Problem description: Lines holding the string "with" are the ones to copy from this listing.

Given information:
───

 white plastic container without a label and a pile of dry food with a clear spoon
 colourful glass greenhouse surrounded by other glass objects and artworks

───

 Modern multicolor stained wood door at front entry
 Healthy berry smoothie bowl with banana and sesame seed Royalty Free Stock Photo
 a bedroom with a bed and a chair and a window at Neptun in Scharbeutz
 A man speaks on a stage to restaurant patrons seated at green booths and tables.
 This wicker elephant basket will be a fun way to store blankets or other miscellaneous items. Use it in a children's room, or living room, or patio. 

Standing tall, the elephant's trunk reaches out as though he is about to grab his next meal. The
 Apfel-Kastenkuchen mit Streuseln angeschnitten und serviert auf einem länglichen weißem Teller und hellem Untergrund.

───

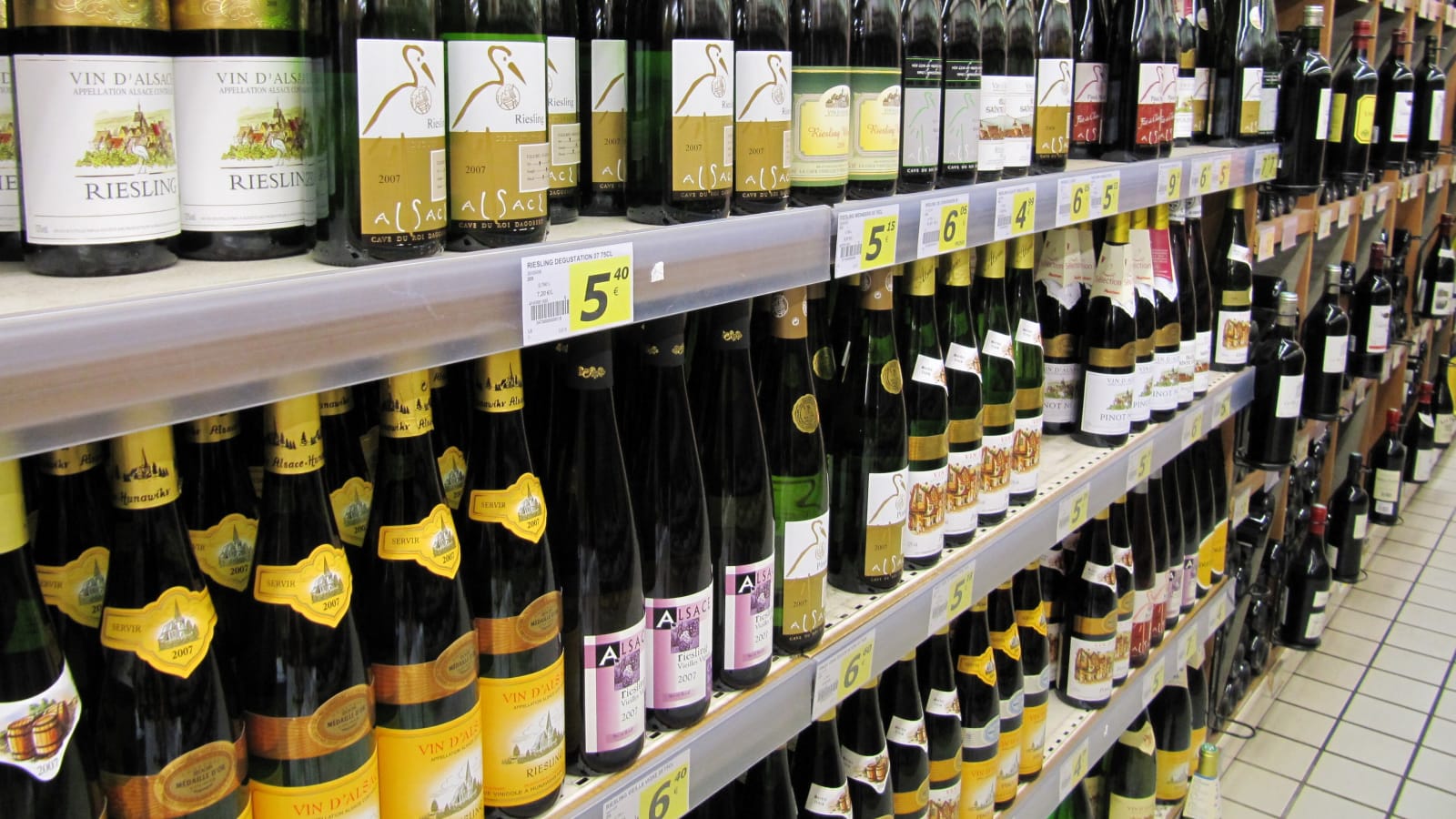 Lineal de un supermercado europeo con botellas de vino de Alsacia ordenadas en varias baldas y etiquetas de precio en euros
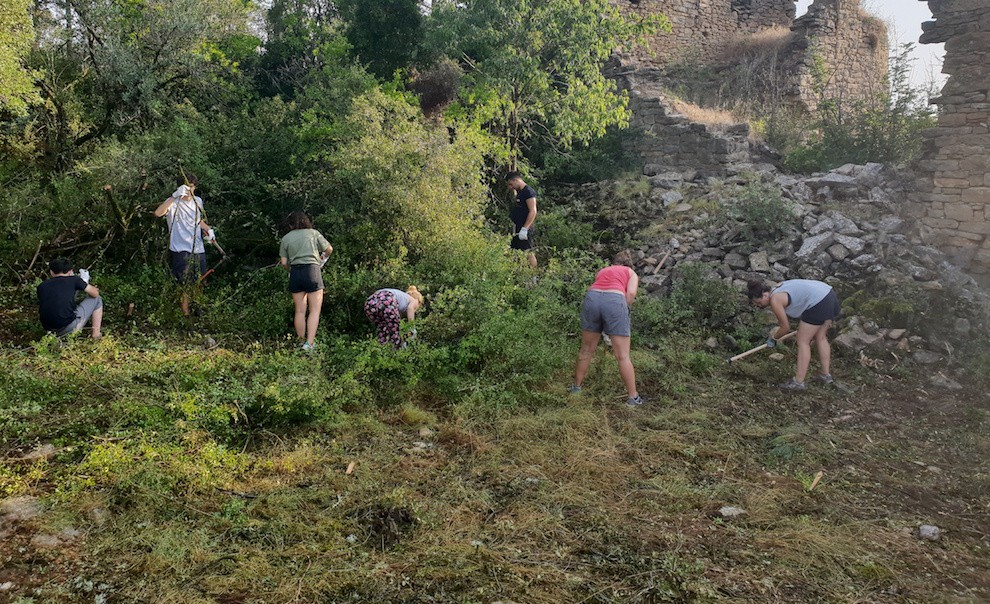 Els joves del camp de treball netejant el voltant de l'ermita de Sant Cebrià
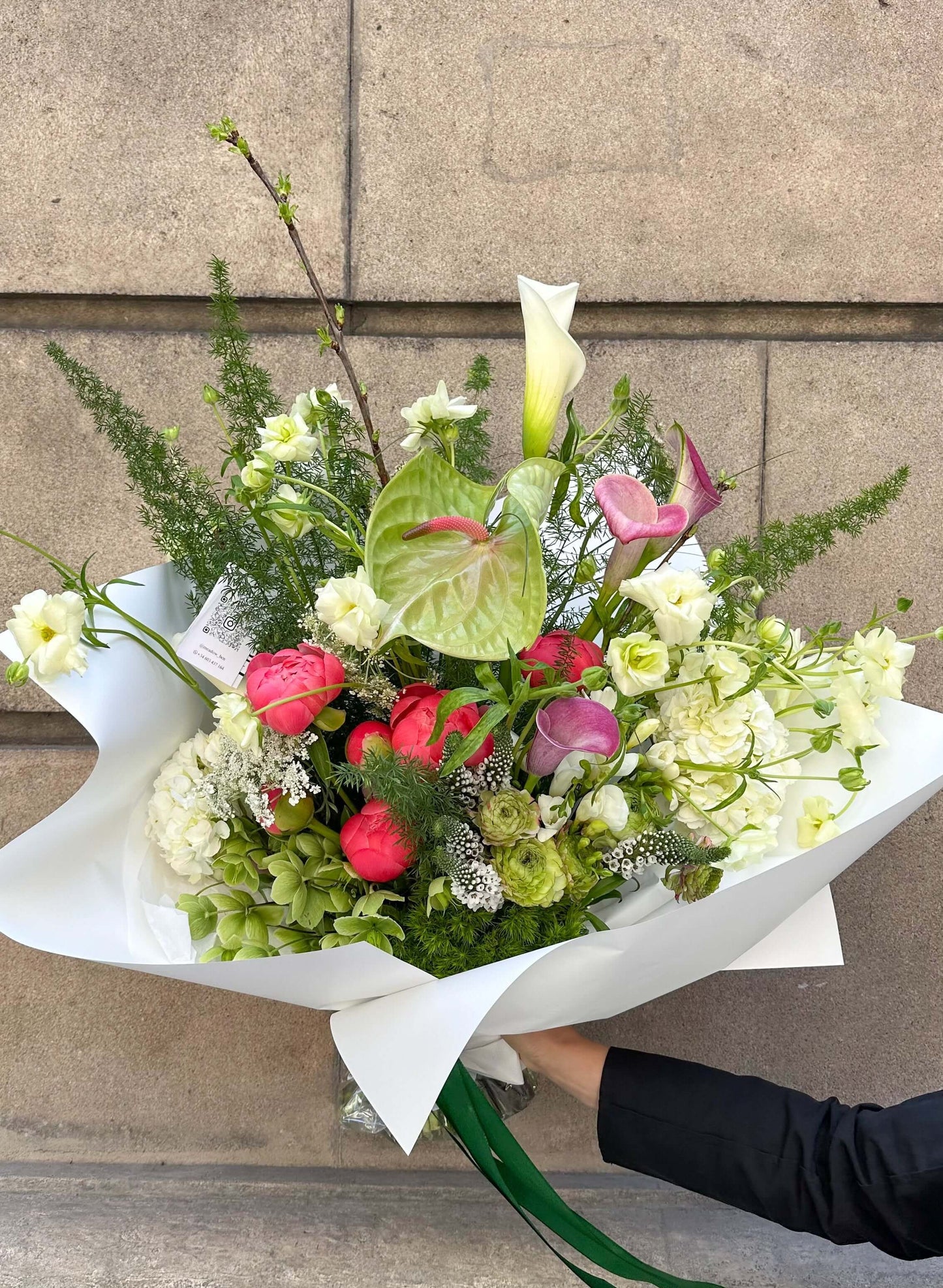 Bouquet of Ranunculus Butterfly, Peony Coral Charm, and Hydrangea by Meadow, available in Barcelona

───

The completed task:
 white plastic container without a label and a pile of dry food with a clear spoon
 Healthy berry smoothie bowl with banana and sesame seed Royalty Free Stock Photo
 a bedroom with a bed and a chair and a window at Neptun in Scharbeutz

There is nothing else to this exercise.